After Fukushima, a test of pri-mateship

2 minute read


Now that it’s safe to go back in the nuclear exclusion zone, humans are finding squatters of various shapes and sizes.


Call it nature’s revenge, or a modern morality tale, but the fallout from Japan’s Fukushima Daiichi nuclear disaster has spread wider than just the radioactive nasties unleashed by the Tohoku earthquake, and subsequent tsunami, back in early 2011.

Considered the worst nuclear disaster since Chernobyl, the meltdown of the nuclear reactor’s core prompted the government to establish a 20km-radius exclusion zone and 154,000 human residents were required to find alternative accommodation for the foreseeable future.

But nobody told the local wildlife to vamoose, so they didn’t. Instead, the region’s macaques, wild boars and assorted other critters decided they quite liked the neighbourhood now the naked apes had skedaddled and began helping themselves to the abundant, abandoned, fruit trees and vegie gardens.

Problem is, the big-brained, weak-muscled primates are now starting to return, safe in the hope that they won’t find themselves glowing in the dark, and the co-existence turf wars have begun.

The first shots are being fired by Homo sapiens of course, who, thanks to substantial government subsidies, have armed themselves with massive amounts of fireworks. Citizen patrols are manning the perimeter, unleashing fusillades of double-bungers at the unsuspecting creatures who are now calling Fukushima home.

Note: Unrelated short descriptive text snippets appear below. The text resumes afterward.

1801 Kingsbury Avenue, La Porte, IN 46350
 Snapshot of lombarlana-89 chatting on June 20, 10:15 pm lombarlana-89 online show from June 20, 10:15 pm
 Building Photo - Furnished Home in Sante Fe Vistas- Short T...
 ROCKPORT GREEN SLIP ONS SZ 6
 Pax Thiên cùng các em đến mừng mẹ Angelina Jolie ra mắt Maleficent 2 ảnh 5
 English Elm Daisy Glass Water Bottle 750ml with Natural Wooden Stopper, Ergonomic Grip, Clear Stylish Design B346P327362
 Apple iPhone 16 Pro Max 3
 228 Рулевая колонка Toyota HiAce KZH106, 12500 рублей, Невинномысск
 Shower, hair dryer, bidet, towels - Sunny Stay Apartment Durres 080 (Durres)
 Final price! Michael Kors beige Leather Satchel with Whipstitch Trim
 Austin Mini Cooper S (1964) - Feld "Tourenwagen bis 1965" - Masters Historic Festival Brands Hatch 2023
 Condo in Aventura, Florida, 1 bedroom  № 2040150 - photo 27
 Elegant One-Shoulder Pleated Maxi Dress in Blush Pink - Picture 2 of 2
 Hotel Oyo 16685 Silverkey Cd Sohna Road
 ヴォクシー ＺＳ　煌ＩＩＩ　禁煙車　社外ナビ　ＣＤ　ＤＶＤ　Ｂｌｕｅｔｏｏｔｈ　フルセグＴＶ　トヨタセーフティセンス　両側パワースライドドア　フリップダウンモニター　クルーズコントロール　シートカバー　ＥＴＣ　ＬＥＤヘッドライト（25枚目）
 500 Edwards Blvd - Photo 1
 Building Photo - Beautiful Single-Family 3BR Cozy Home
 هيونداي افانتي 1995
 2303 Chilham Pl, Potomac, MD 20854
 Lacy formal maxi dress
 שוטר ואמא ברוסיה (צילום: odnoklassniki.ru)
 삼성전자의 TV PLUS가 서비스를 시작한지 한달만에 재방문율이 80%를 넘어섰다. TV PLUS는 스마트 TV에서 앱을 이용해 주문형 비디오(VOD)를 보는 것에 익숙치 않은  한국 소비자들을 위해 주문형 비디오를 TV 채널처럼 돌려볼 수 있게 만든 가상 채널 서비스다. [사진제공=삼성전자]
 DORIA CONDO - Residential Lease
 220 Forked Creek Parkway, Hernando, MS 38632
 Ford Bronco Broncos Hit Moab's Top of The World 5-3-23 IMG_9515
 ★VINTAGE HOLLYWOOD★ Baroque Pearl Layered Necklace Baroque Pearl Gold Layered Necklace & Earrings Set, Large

But while that might seem like a cracker of a solution, the monkeys, at least, aren’t so easily deterred. After a couple of days, the lure of a free feast overcomes the fear of pyrotechnics and the macaques come back.

And not all the humans are so bellicose.

“Look, I think they’re cute. I would absolutely never hurt them,” Shuichi Kanno, a 79-year-old man who has returned to his home, told Japanese media. “None of this is their fault. It’s nuclear power’s fault. It’s the fault of humans.”

Indeed it is.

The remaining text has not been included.